GranuFlo contains an ingredient that the body converts to bicarbonate, and it contains more of this ingredient than rival products, the Times writes, adding that some doctors “apparently have not been accounting for extra bicarbonate” when deciding how much bicarbonate to prescribe separately. “The result can be, in effect, an overdose of bicarbonate, which some recent studies have suggested could lead to heart problems.”
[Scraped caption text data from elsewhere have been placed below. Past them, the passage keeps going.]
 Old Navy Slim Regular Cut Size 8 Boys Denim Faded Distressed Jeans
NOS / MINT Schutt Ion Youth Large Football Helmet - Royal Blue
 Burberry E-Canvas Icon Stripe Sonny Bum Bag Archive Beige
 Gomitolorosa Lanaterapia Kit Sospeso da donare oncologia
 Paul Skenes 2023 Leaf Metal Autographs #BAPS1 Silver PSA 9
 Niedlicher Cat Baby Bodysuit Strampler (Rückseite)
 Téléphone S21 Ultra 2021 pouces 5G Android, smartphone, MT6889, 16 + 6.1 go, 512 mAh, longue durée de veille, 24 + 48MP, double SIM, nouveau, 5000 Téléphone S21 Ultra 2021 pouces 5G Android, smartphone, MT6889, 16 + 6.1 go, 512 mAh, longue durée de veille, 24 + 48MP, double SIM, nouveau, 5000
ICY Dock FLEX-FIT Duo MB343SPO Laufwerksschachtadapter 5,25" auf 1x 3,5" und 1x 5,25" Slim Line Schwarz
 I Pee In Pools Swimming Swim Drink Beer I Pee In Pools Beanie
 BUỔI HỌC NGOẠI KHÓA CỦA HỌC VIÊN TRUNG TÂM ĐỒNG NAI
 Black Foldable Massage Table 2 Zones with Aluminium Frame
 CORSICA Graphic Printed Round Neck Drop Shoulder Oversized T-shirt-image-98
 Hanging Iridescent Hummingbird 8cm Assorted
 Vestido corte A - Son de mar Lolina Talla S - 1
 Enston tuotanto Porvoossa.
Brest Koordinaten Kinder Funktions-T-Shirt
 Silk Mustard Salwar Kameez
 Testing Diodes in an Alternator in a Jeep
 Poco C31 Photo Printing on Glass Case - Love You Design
“This is what happens in a vertically-integrated company when physicians in the clinic division and physicians in the products division both report to non-physicians,” RenalWeb writes in an editorial. “This situation presented obvious conflicts of interest… with their concerns for profits appearing to take clear precedence over concerns for patient safety. Dr. Frank Maddux’s assertion that he had no way of communicating with noncompany clinics clearly demonstrates his conflict of interest within Fresenius’s corporate structure for doing what is right for all dialysis patients. Ultimately, however, this position is morally indefensible.”

[UPDATE: A Fresenius spokesman sends us this: “Fresenius Medical Care had received an informal inquiry from the FDA concerning the November 2011 Fresenius Medical Services circular and, in response, engaged in cooperative dialog with the FDA that we understand to be used to reiterate and emphasize the need for physicians to consider total buffer. We have understood that the FDA sought to add, and has added, its authoritative voice to the reminders to physicians about the need to consider total buffer, which FMC has issued multiple times over the years. Our understanding was confirmed by the FDA’s own recent publication addressed to the medical community. We are not aware of ongoing investigative activity by the FDA.]